Le schéma initiatique consiste à renoncer à une satisfaction au nom d’une joie plus élevée et plus vraie. D’une manière générale, il s’agit de toujours rappeler à l’enfant qu’une jouissance est toujours barrée au nom de son vrai Désir.

La pulsion veut l’ancien, la répétition et la régression. Le Désir veut le Nouveau, la découverte et la création. L’initiation consiste donc à mourir à l’ancien pour naître au Nouveau. L’enfant, au cours de son évolution, est régulièrement confronté à des temps initiatiques, où son Désir l’appelle à renoncer à des satisfactions anciennes, qu’il connaît, pour vivre de nouvelles joies dont il ignore tout, mais auxquelles il aspire. Il doit mourir à l’ancien pour naître au nouveau. Or, entre la mort et la naissance, il y a un entredeux. L’ancien n’est plus, le nouveau n’est pas encore ; c’est le temps du vide, de l’oppression, de la dépression parfois, qui correspond au moment où l’enfant a déjà quitté la matrice mais n’est pas encore venu au monde. C’est à ce moment crucial que l’accompagnement est nécessaire, sous la forme d’un soutien et d’une parole qui l’aide à passer ce cap.

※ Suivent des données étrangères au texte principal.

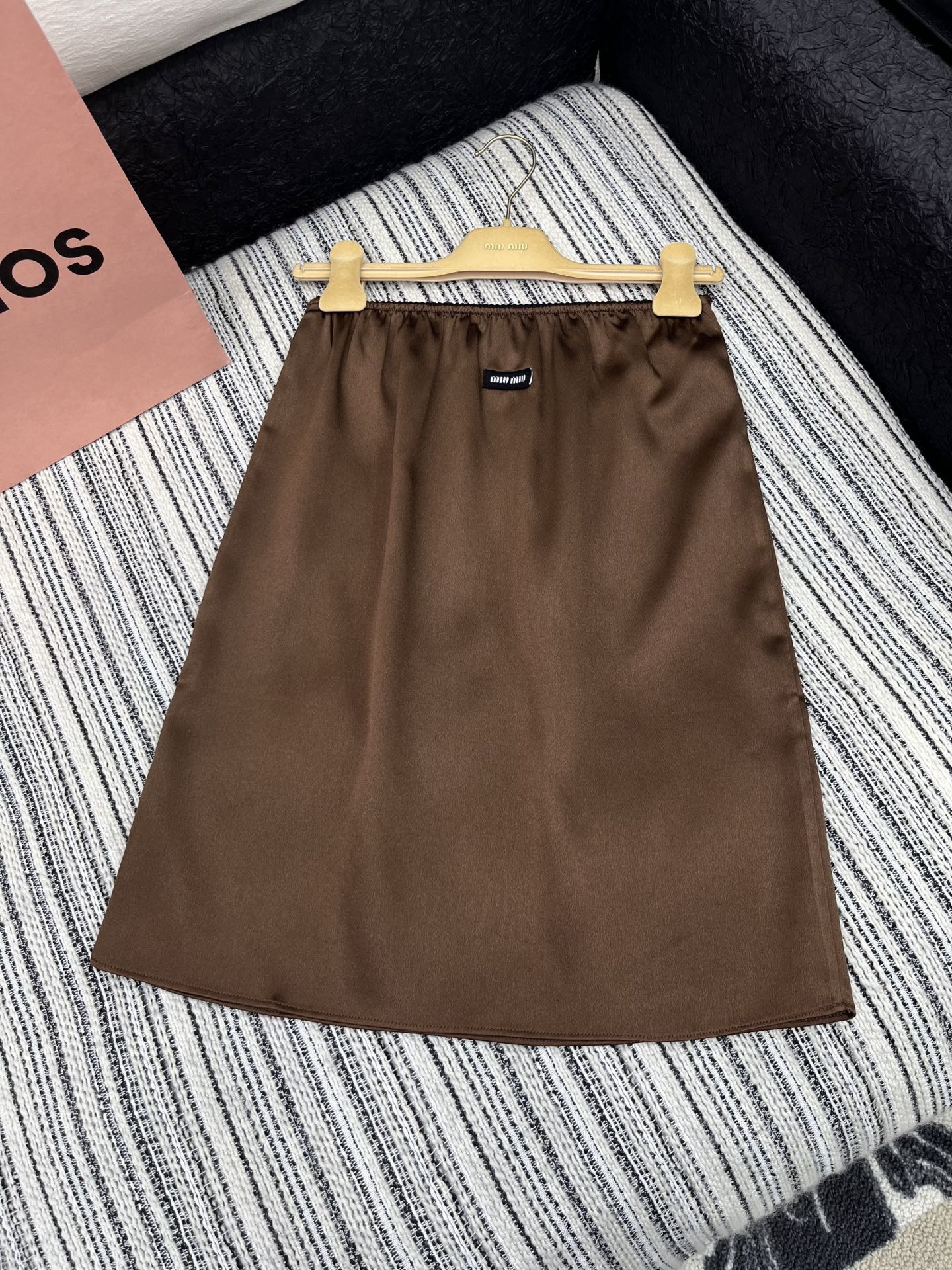 🛒𝐍𝐄𝐖 · 𝟐𝟎𝟐5/爆款现货

【原版定制】Miu Mi *｜ 25SS 春夏新款半裙
定制撞色贴布
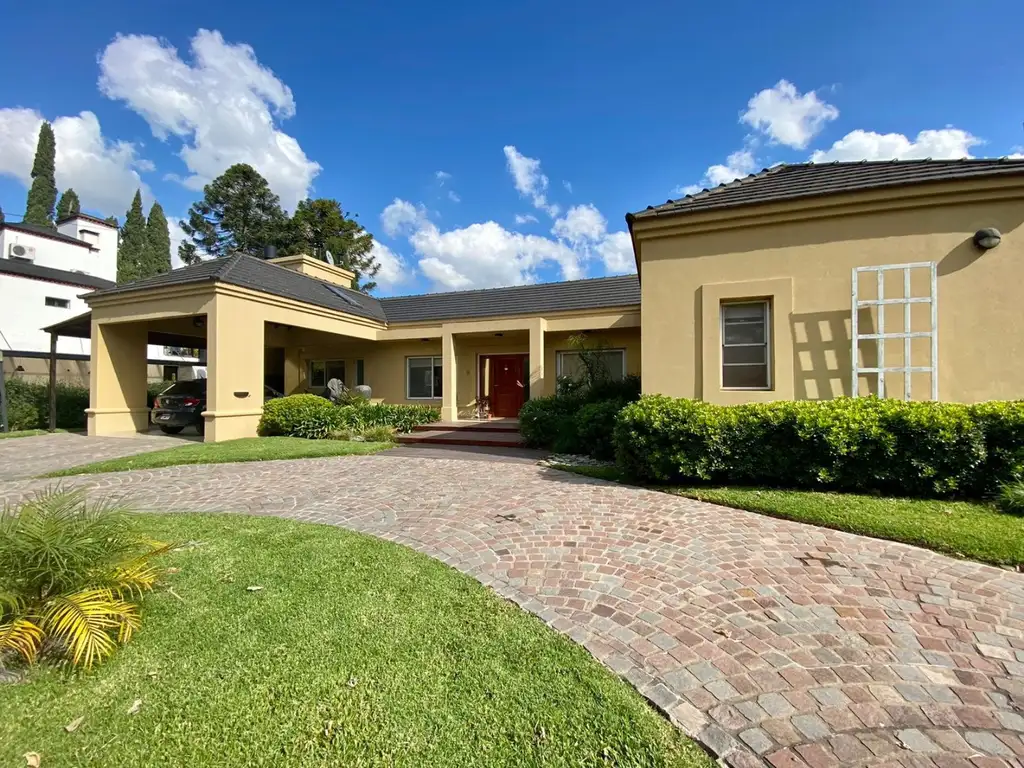 Casa Venta 5 ambientes, 155m2, Club Privado Loma Verde 0 piso 201, Club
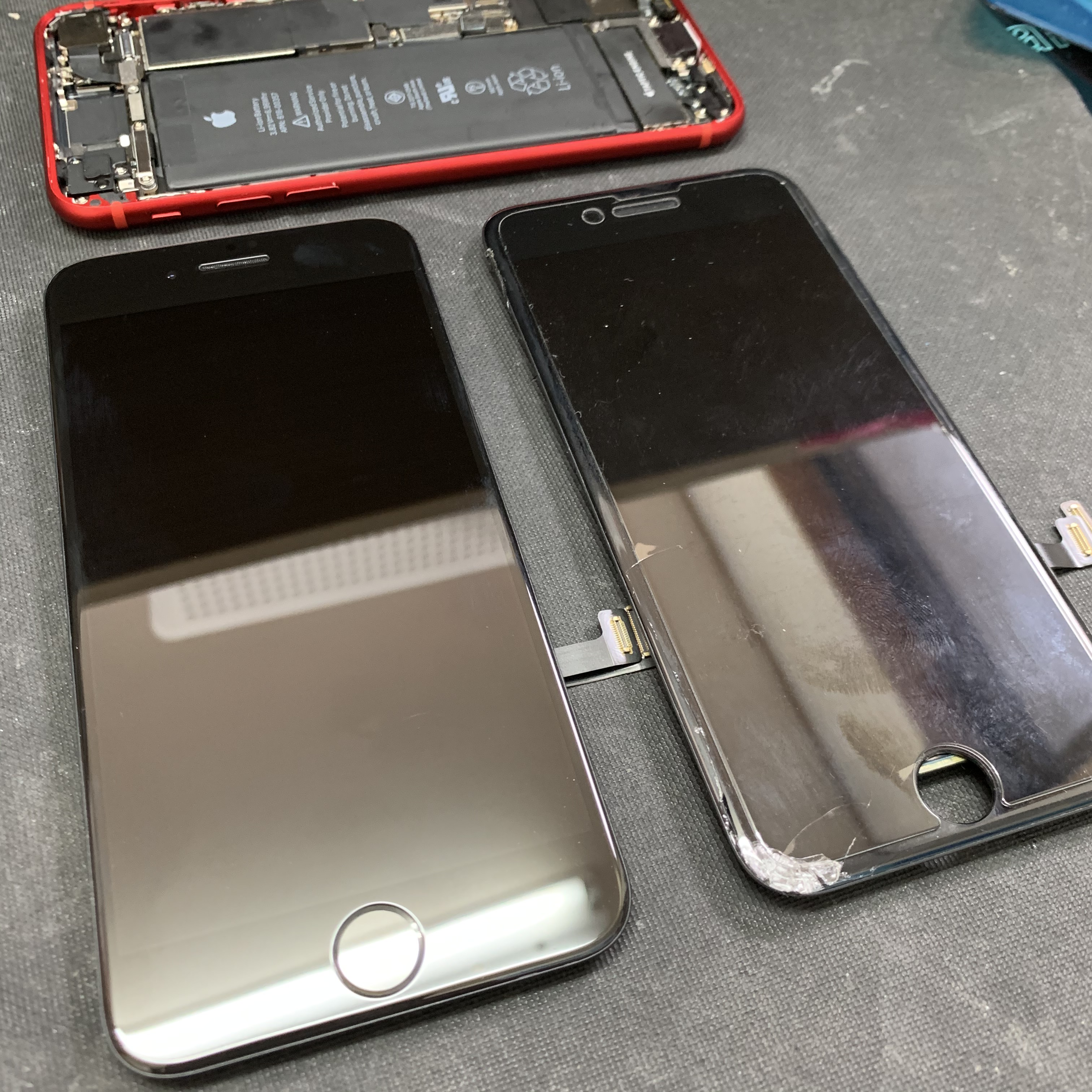 iPhone8のフロントパネル交換終了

L’accompagnement initiatique d’un enfant ne consiste pas à le soulager de son épreuve. En effet, c’est le Désir en lui qui veut l’épreuve. Le Désir emmène toujours l’être humain vers le nouveau ; c’est pourquoi il aspire à ce que l’ancien disparaisse. Épargner systématiquement les frustrations à un enfant, c’est œuvrer contre le Désir, c’est faire obstacles aux morts et aux naissances successives qui constituent son développement juste. Le bébé, assis dans sa chaise posée par terre, voit les grands attablés ; il est attiré par ce monde d’en haut. Il désire être intégré dans ce cercle et initié à ce mystère. Un jour, on le met sur sa chaise haute et on l’intègre. Le voilà qui jubile en découvrant ce Nouveau Monde. Sur le fond de cette joie nouvelle, il est prêt à abandonner d’anciennes satisfactions. Mais il peut y avoir des résistances de la pulsion, qui ne sait vouloir que l’ancien. C’est là que l’on peut l’accompagner, et l’encourager aux renoncements nécessaires (au biberon, au hochet bruyant, etc.) au nom du nouveau qui réjouit son Désir.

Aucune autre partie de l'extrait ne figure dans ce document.